Notre consommation en mutation

Le bon vieux grand magasin, qui s’est transformé et optimisé grâce à des études sur nos habitudes de consommation, n’est toutefois plus depuis longtemps notre seule source d’approvisionnement en superflu utile. “L’évolution numérique a modifié nos habitudes de voyage par le biais du shopping. Les voyages sont surtout devenus plus complexes. L’alternance entre les canaux d’information est très marquée”, écrit Jakob Vicari pour le magazine économiqueBrandeins. Nous achetons en ligne et hors ligne, du vintage et du tout neuf, du design maison et de la marchandise de masse, sans emballage et en sachet, du régional et du mondial, de l’express et du bien pensé. Il y en a pour tous les goûts, n’hésitez pas, c’est une offre imbattable ! Mais tandis que les hordes d’adolescents hurlants se dirigent toujours vers le spécialiste des sex sellers Hollister et leSalaire bon marché Experts Primark de la durabilité semble s’imposer auprès de nombreuses personnes désireuses d’acheter.

Le bio n’est pas forcément sain n’est pas forcément équitable

“La consommation durable est un levier simple et quotidien pour apporter une contribution positive par ses propres actions, ou du moins déjà ne pas laisser d’empreinte négative”, nous explique Jakob Berndt deLemonaid, la limonade bio équitable. “Les nouveaux médias permettent une nouvelle transparence de la durabilité.

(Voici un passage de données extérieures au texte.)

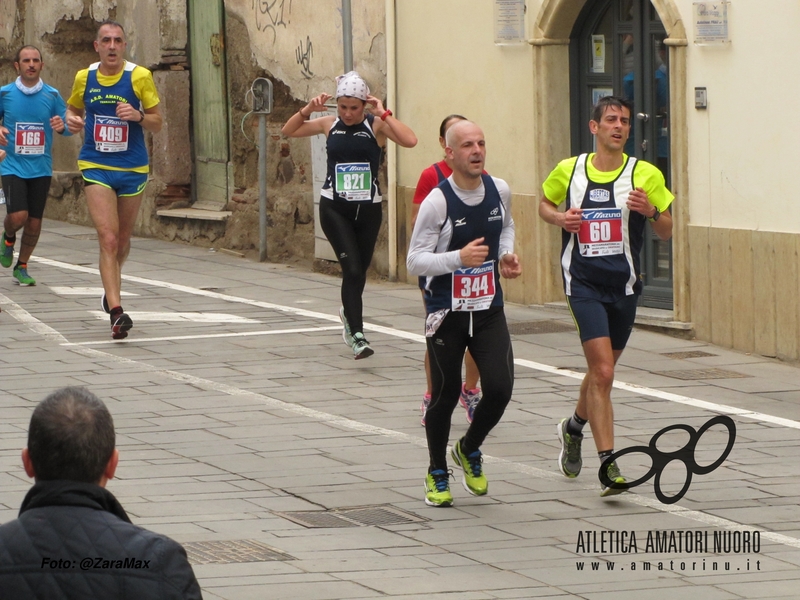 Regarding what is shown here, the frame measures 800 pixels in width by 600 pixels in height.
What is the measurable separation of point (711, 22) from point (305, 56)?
6018 mm

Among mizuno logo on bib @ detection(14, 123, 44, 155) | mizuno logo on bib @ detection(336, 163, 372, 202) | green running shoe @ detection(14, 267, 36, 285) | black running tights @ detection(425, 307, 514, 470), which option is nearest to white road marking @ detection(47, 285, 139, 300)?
green running shoe @ detection(14, 267, 36, 285)

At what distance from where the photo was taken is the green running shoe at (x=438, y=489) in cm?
693

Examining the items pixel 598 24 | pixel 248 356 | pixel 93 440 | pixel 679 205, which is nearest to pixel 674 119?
pixel 679 205

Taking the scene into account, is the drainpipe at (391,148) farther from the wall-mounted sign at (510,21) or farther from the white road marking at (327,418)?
the white road marking at (327,418)

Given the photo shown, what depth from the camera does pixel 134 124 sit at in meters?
11.8

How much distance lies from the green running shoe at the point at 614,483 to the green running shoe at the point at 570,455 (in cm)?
36

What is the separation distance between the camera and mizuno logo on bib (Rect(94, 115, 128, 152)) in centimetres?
1164

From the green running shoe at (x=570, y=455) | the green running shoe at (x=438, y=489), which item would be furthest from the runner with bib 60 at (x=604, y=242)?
the green running shoe at (x=438, y=489)

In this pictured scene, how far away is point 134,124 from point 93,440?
8941 mm

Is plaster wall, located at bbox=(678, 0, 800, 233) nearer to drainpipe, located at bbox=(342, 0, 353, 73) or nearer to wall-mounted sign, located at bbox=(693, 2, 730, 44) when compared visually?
wall-mounted sign, located at bbox=(693, 2, 730, 44)

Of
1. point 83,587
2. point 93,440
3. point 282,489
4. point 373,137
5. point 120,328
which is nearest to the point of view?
point 83,587

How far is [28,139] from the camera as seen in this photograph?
45.8 ft

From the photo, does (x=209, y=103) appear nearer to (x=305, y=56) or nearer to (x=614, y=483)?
(x=305, y=56)

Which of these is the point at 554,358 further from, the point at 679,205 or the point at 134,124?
the point at 134,124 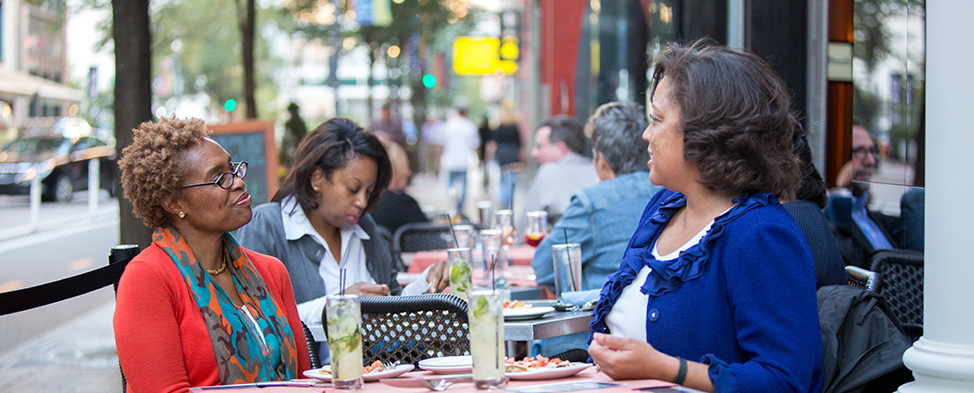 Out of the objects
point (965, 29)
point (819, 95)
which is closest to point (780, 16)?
point (819, 95)

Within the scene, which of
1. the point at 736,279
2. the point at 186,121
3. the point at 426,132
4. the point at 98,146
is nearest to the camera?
the point at 736,279

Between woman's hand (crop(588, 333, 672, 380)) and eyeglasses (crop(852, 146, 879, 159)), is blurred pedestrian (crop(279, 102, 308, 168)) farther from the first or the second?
woman's hand (crop(588, 333, 672, 380))

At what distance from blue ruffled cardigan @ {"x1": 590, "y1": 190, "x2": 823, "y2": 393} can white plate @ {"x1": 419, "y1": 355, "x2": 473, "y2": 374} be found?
1.55ft

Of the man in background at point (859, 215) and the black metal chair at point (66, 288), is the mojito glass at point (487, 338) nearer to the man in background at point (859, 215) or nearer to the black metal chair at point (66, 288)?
the black metal chair at point (66, 288)

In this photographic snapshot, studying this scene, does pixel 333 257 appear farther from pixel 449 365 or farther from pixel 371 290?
pixel 449 365

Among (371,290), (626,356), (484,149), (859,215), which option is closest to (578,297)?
(371,290)

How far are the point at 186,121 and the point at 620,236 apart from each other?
2.47 m

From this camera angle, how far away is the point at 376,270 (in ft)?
15.4

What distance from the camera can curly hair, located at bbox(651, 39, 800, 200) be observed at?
2418 mm

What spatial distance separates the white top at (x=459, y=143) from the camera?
60.5ft

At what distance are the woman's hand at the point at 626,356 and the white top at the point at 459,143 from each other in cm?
1605

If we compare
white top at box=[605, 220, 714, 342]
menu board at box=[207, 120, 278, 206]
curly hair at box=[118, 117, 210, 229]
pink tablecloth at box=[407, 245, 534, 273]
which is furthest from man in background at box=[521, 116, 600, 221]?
white top at box=[605, 220, 714, 342]

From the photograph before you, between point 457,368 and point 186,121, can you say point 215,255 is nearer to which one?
point 186,121

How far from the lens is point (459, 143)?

Le philosophe Peter Sloterdijk a dit : “Le monde a atteint une densité dans laquelle l’acte revient directement à son auteur”. Il est devenu plus compréhensible de savoir ce qui vient d’où et les gens s’y intéressent donc davantage”. Des phénomènes tels que le grand succès de la collecte de fonds pour le supermarché sans emballage, ou l’amour de la seconde main sur divers marchés aux puces (de nuit) montrent à quel point l’éco-consommation est importante pour nous, surtout à l’extérieur. “Les études de marché savent assez précisément qui achète bio, pourquoi, où et quand. En répondant aux questions, les consommateurs font certainement aussi attention – même si c’est peut-être inconscient – à l’image qu’ils donnent d’eux-mêmes”, explique Claudia Wüstenhagen pourTemps en ligne. Mais “bio” n’est pas synonyme de sain, ni d’équitable. Elle explique pourquoi ces trois catégories se chevauchent malgré tout souvent par l’effet de halo : “Une fois que les produits ont une bonne image, on les considère comme supérieurs à tous les niveaux possibles. Ils portent une sorte d’auréole”.

Le commerce équitable comme première étape

L’équité est importante pour nous. L’éthique aussi. Et si nous y voyons une amélioration de notre qualité de vie, ce n’est peut-être pas si mal. “Mais en tant que consommateur, on ne veut pas avoir à y penser, on attend de l’entreprise qu’elle nous décharge de cette responsabilité en nous proposant une offre adaptée”, explique Peter Wippermann, chercheur en tendances à Hambourg, auBrandeins magazine. Pourtant, la responsabilité ne devrait commencer qu’avec l’achat de produits durables. “Je pense qu’il est tout à fait normal de vouloir savoir d’où viennent les choses que j’achète. Mais il faut certainement faire attention au fait que la contribution sociale ne s’arrête pas là. L’engagement social ne doit pas s’arrêter au passage au supermarché. Ce n’est pas parce que j’achète des jeans issus du commerce équitable que mon compte karma est plein, mais c’est un premier pas important”, explique Jakob Berndt. Cela devrait être une incitation à la réflexion et un changement de valeurs que nous étendrons à d’autres domaines de la vie. Il est important de se poser des questions et de ne pas tout accepter tel quel. Il est certainement bon de commencer par notre comportement de consommateur. Mais ce n’est qu’un début.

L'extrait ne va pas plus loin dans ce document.